1. ## Linear algebra equation

Hi guys, I was hoping someone could walk me through how to find conditions on 'a' and 'b' such that the system has i) no solution ii) one solution and iii) infinite solutions.

x - 2y = 1
ax + by = 5

The solutions are provided below but I really have no idea how I am supposed to arrive at these conclusions.

Thanks for your time and help!

Solutions
i) If b 6=/= 2a, unique solution x = (b+10)/(b+2a) , y = (5-a)/(b+2a)
ii) If b = -2a : no solution if a =/= 5;
iii) If a = 5 the solutions are x = 1 + 2t, y = t

2. Originally Posted by dems
Hi guys, I was hoping someone could walk me through how to find conditions on 'a' and 'b' such that the system has i) no solution ii) one solution and iii) infinite solutions.

x - 2y = 1
ax + by = 5

The solutions are provided below but I really have no idea how I am supposed to arrive at these conclusions.

Thanks for your time and help!

Solutions
i) If b 6=/= 2a, unique solution x = (b+10)/(b+2a) , y = (5-a)/(b+2a)
ii) If b = -2a : no solution if a =/= 5;
iii) If a = 5 the solutions are x = 1 + 2t, y = t
These are "linear" equations, the equations of straight lines.
You need to understand what linear equations are first.

Then, the equations have a unique solution if their slopes are different,
because they will therefore intersect at a single point.

To find their slopes, write the equations in the form y=mx+c, as "m" is the slope, the multiplier of x in this form.

$\displaystyle x-2y=1\Rightarrow\ x=1+2y\Rightarrow\ x-1=2y\Rightarrow\ y=\frac{1}{2}x-\frac{1}{2}$

$\displaystyle ax+by=5\Rightarrow\ by=5-ax\Rightarrow\ y=-\frac{a}{b}x+\frac{5}{b}$

These slopes are different if $\displaystyle -\frac{a}{b}\ \ne\ \frac{1}{2}$

which gives a unique solution for $\displaystyle -b\ \ne\ 2a$

To obtain the co-ordinates of the point of intersection of the lines...

$\displaystyle x=1+2y$

$\displaystyle x=\frac{5-by}{a}$

$\displaystyle \Rightarrow\ (1+2y)a=5-by\Rightarrow\ 2ay+by=5-a$

from which the values of x and y follow.

There is no solution if the lines are parallel and do not touch.

$\displaystyle 5(x-2y)=5(1)=5$

This is still the equation of the first line

$\displaystyle 5x-10y=5\Rightarrow\ y=\frac{5}{10}x+\frac{5}{10}$ is the first line

$\displaystyle ax+by=5\Rightarrow\ y=-\frac{a}{b}x-\frac{5}{b}$ is the second line.

For the slopes to be equal, $\displaystyle -\frac{a}{b}=\frac{5}{10}\Rightarrow\ b=-2a$

This will cause the lines to be the same (touching at all points) if a=5,
hence "a" must not be 5.

There is an infinite number of solutions if $\displaystyle a=5$ and $\displaystyle b=-2a$

as the equations will be the equations of the same line.

Then for y being any value "t", x will be 1+2y=1+2t

3. Oh well; below is another lengthy response.

The special case occurs when the pair of coefficients of x and y from the first equation is proportional to the pair from the second equation.
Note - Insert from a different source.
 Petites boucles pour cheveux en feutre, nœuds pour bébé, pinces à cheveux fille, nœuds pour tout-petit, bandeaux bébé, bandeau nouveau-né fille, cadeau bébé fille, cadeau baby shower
In this case, this means (1, -2) is proportional to (a, b), which in turn means that there is a number k such that k * 1 = a and k * (-2) = b. If the equations are proportional in this way, then there is only one equation (more precisely, left part) because an equation can be multiplied by an arbitrary number.

Now, the right-hand sides determine whether the system has zero or infinitely many solutions in this special case. If not only the pairs but the whole triples (1, -2, 1) and (a, b, 5) are proportional, then there is literally only one equation. If a = 5 and b = -10, then the second equation is the first multiplied by 5, so it does not add any information. Then x = 1 + 2y, and for every y there is a corresponding x, i.e., there are infinitely many solutions.

If the triples are not proportional, i.e., when we still have k * 1 = a and k * (-2) = b but k * 1 <> 5, then there are no solutions. Indeed, multiplying the first equation by k we get ax + by = k, while the second equation says ax + by = 5 -- a contradiction.

Finally, if (1, -2) and (a, b) are not proportional, then there is exactly one solution. It can be found by isolating x in the first equation and substituting it into the second one.

It's left to you to express the phrase "(1, -2) and (a, b) are proportional" as an equation. Note that when this equation is false, it guarantees that the denominator of the solution for x and y is not zero.

4. Yet a third answer saying basically the same thing!

To determine for what values of a and b
x - 2y = 1
ax + by = 5
has or has not an answer, try solving the equations.

Multiply the first equation by b to get bx- 2by= b. Multiply the second equation by 2 to get 2ax+ 2by= 10.

The point of that is that now y has the same coefficient, 2b, both positive and negative. Adding these two equations will eliminate b: (bx- 2by)+ (2ax+ 2by)= bx+ 2ax= (b+ 2a)x= 10+ b. Now divide both sides by b+ 2a to get $\displaystyle x= \frac{10+ b}{b+ 2a}$.

If $\displaystyle b+ 2a\ne 0$ we can do that and get "the" answer- a unique solution.

If $\displaystyle b+ 2a= 0$ the equation becomes 0x= 10+ b and then there are two possibilities:
i) 10+ b= 0 so the equation says 0x= 0 which is true no matter what x is. There are an infinite number of solutions.
ii) $\displaystyle 10+ b\ne 0$ so the equations says 0x= non-zero which is impossible. There is no solution.